Percepatan regulasi bisnis pinjaman
Menurut laporan dari Think Tank Zero One, terdapat empat kategori pelanggaran utama yang secara tidak langsung menaikkan “biaya pinjaman gabungan”: pertama, biaya bundling paksa. Saat pencairan pinjaman, platform memaksa konsumen membeli keanggotaan, layanan penjaminan, atau produk pengelolaan utang, jika tidak, pinjaman akan ditolak atau bunga dinaikkan, tetapi biaya ini tidak diungkapkan dalam biaya pembiayaan gabungan.

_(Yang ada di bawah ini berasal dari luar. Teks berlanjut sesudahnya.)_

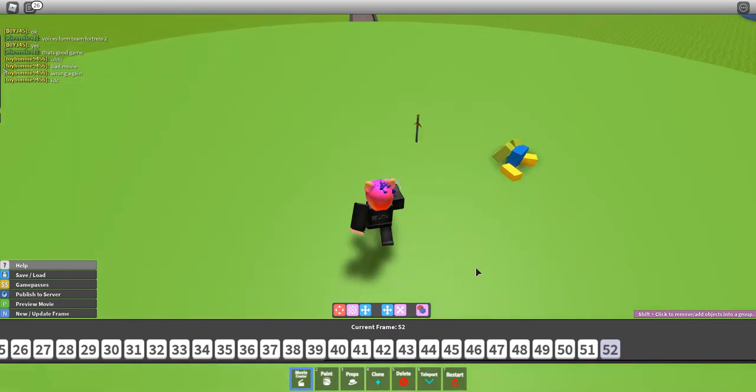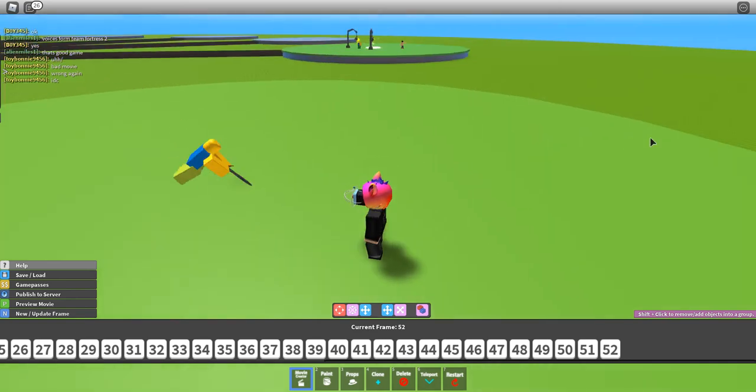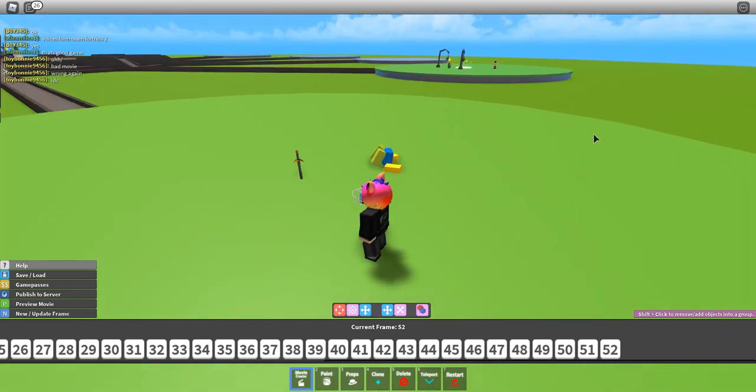I'm going to show you the animation in three, two, one. Let's replay that one more time.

Kedua, biaya layanan tersembunyi. Dengan nama biaya pengelolaan dana, biaya konsultasi, atau biaya administrasi, biaya ini dikenakan sebelum atau selama proses pembayaran kembali, tetapi tidak cukup diungkapkan kepada konsumen. Beberapa biaya dipotong di muka, sehingga jumlah dana yang diterima konsumen jauh lebih kecil dari jumlah pinjaman.
Ketiga, biaya pinjaman melalui skenario sewa/mall cicilan. Beberapa platform melakukan pinjaman dengan nama “sewa sebagai beli” atau “konsumsi cicilan”, dengan mengenakan biaya sewa tinggi atau biaya cicilan yang secara tidak langsung menaikkan biaya pinjaman, dengan tingkat tahunan yang jauh melebihi batas regulasi dan tanpa pengungkapan biaya serta standar konversi bunga yang jelas.

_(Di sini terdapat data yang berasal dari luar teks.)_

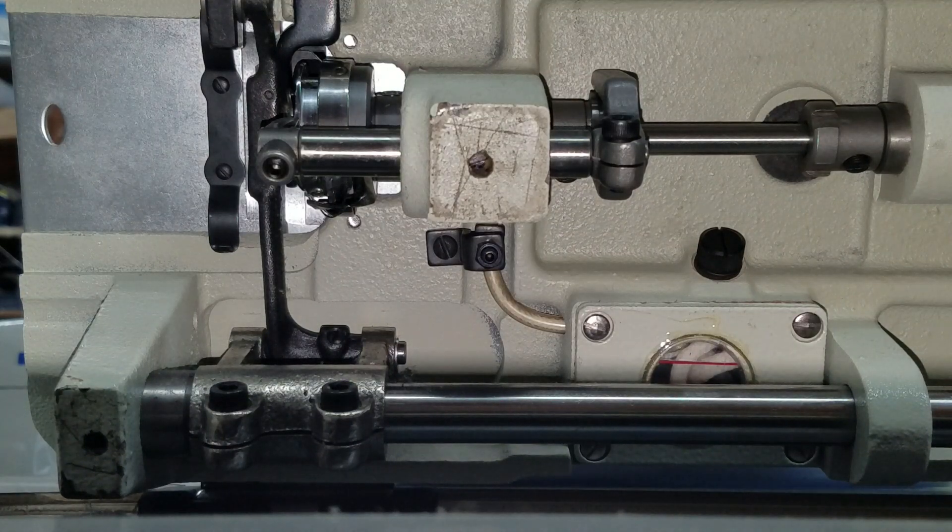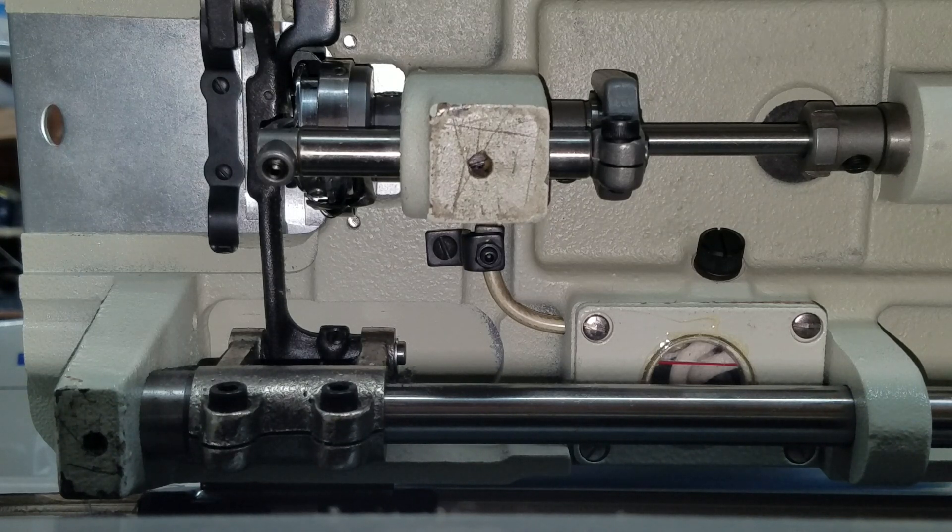Hi, this is Steve from Sewingold.com. This is a Seiko STH8BLD-3 — you cannot tell because you're looking at the underside of the machine. I've tilted the machine back to expose the underside.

Keempat, biaya melalui pengaturan hak keanggotaan. Mengharuskan konsumen mengisi saldo keanggotaan atau membeli hak tertentu agar mendapatkan suku bunga rendah atau batas pinjaman, dan biaya keanggotaan ini tidak dapat dikembalikan serta tidak dijelaskan kaitannya dengan suku bunga pinjaman.

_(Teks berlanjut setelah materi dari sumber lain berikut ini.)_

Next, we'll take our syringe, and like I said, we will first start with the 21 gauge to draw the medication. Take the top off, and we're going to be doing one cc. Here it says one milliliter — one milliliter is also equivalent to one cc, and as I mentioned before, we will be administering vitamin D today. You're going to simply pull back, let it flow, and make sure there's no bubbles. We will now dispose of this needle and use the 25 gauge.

Yu Fenghui menegaskan bahwa kebijakan pengawasan pinjaman pribadi sedang menuju arah yang lebih transparan, teratur, dan memperkuat perlindungan hak konsumen. Kebijakan baru dan pertemuan langsung ini menunjukkan bahwa otoritas berkomitmen membangun pasar yang adil dan kompetitif, serta melindungi hak konsumen untuk mengetahui dan memilih.
Dia percaya bahwa setelah kebijakan ini diberlakukan, tingkat kepatuhan industri akan meningkat secara keseluruhan. Bagi konsumen, mereka akan lebih jelas memahami biaya yang harus ditanggung saat mengajukan pinjaman, sehingga dapat membuat pilihan yang lebih bijaksana dan rasional. Dalam jangka panjang, langkah ini akan membantu membersihkan lingkungan pasar, mendorong perkembangan industri jasa keuangan yang sehat, dan meningkatkan kepercayaan masyarakat terhadap sistem keuangan.